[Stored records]
[Start of Attachment]

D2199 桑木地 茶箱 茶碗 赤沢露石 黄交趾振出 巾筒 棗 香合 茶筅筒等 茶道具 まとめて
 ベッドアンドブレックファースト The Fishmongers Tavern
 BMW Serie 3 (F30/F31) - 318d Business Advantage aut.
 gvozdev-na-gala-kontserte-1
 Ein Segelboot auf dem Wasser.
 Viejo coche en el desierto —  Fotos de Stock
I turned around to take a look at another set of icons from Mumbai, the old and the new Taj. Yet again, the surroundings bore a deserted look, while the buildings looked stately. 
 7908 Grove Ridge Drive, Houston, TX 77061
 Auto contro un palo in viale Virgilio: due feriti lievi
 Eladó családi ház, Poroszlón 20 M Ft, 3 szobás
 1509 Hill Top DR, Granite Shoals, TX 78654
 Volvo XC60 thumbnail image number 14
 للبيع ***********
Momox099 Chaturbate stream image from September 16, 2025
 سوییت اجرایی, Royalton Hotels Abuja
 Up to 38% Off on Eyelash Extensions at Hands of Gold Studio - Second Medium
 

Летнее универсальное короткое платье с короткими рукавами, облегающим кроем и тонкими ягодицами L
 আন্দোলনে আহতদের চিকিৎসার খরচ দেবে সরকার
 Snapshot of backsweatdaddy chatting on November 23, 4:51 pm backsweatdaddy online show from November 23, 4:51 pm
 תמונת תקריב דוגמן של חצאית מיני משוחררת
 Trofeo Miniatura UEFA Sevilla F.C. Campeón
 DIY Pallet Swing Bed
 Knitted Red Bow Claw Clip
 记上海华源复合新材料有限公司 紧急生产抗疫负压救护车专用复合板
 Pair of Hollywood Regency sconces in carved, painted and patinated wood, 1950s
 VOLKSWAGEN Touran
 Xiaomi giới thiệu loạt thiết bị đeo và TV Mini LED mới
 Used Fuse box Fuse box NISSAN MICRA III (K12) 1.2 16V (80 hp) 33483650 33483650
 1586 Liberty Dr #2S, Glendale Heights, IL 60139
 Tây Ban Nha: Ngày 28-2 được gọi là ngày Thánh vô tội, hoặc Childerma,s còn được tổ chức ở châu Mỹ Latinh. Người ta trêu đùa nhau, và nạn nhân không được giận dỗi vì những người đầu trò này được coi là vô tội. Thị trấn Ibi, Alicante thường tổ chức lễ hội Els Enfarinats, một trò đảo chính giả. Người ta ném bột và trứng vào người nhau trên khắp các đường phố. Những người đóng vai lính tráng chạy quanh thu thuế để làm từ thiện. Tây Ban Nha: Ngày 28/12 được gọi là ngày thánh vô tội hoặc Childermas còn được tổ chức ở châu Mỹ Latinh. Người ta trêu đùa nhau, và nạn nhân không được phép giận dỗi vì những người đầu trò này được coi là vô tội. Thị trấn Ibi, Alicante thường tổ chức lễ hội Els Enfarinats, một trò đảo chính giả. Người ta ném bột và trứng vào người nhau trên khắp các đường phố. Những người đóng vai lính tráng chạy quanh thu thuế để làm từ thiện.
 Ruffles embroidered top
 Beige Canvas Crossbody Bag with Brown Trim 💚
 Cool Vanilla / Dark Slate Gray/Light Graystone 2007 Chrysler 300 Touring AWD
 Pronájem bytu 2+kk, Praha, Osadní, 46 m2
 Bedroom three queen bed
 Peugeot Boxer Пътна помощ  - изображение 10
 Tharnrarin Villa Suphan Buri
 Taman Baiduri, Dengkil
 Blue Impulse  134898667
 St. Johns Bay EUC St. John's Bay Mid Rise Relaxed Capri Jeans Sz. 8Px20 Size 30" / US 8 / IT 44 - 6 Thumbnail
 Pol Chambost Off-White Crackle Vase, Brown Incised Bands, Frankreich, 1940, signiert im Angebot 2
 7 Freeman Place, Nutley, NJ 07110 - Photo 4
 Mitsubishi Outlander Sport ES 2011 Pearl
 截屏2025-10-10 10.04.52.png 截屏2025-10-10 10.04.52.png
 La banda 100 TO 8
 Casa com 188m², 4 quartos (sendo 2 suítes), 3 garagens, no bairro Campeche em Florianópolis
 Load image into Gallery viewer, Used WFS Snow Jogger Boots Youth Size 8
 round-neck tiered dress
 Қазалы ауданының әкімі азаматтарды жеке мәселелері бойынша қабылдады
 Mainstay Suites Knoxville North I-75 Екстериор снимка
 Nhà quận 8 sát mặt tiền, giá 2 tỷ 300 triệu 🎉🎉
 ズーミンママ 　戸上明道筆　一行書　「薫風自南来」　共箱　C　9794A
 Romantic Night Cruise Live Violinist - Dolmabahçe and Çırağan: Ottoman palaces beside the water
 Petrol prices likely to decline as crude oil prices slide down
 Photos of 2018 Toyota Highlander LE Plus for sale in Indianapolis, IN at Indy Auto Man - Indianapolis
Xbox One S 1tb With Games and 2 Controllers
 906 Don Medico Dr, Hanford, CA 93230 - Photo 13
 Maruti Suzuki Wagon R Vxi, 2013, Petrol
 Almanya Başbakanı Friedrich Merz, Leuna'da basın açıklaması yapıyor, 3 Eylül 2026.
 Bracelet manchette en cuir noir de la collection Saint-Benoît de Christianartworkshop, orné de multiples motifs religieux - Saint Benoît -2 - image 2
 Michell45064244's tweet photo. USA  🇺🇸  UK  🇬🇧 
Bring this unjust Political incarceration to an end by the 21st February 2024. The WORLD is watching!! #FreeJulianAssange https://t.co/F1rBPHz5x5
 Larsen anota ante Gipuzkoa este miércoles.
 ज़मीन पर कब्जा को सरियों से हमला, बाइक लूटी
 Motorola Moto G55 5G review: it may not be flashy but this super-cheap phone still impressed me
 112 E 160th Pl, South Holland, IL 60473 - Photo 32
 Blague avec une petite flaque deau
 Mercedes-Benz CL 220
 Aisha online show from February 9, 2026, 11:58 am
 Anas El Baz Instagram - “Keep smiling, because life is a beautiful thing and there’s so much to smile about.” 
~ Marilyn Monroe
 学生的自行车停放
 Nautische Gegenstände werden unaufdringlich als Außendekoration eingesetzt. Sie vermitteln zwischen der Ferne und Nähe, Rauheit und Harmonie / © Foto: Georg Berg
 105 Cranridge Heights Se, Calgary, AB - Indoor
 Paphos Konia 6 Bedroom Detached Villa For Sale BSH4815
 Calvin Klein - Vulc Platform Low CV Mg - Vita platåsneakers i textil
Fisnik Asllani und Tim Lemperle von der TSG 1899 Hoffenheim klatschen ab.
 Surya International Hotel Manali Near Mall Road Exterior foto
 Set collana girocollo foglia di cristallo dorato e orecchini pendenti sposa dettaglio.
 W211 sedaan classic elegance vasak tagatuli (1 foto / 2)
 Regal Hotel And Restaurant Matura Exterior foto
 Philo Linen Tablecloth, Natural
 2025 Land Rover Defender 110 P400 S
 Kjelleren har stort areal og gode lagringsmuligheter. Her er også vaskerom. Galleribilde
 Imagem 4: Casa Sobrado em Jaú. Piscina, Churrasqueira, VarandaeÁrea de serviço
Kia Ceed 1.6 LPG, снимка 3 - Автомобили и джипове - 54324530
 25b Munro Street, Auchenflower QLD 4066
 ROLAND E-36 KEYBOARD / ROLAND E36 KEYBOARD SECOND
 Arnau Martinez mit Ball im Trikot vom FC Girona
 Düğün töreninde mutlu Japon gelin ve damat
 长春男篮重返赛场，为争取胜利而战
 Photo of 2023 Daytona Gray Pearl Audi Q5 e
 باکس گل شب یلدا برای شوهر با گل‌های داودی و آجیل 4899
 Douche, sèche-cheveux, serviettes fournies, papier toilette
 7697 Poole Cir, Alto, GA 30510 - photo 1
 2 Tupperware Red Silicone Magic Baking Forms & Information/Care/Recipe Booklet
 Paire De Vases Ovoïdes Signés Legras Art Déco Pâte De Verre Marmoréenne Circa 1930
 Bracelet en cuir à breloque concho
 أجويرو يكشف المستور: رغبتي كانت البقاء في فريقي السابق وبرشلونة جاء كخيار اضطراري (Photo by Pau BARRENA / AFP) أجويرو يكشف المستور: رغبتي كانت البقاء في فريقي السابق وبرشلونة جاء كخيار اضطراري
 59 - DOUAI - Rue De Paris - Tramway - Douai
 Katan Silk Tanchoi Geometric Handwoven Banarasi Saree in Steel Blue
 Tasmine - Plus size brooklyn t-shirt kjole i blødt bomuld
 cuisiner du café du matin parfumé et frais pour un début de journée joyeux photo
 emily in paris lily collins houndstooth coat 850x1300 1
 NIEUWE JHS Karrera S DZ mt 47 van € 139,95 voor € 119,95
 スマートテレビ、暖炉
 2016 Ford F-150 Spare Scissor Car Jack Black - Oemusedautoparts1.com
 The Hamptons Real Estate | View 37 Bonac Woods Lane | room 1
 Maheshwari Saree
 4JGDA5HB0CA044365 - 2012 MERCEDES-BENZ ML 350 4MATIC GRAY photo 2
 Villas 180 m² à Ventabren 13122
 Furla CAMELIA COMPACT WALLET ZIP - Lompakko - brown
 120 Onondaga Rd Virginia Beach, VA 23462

[End of Attachment]

• Work item: Return, with no change at all, every line in the entries above from the line containing "Viejo coche en" through the line containing "7908 Grove Ridge Drive, Houston, TX 77061".

• Solution below:
 Viejo coche en el desierto —  Fotos de Stock
I turned around to take a look at another set of icons from Mumbai, the old and the new Taj. Yet again, the surroundings bore a deserted look, while the buildings looked stately. 
 7908 Grove Ridge Drive, Houston, TX 77061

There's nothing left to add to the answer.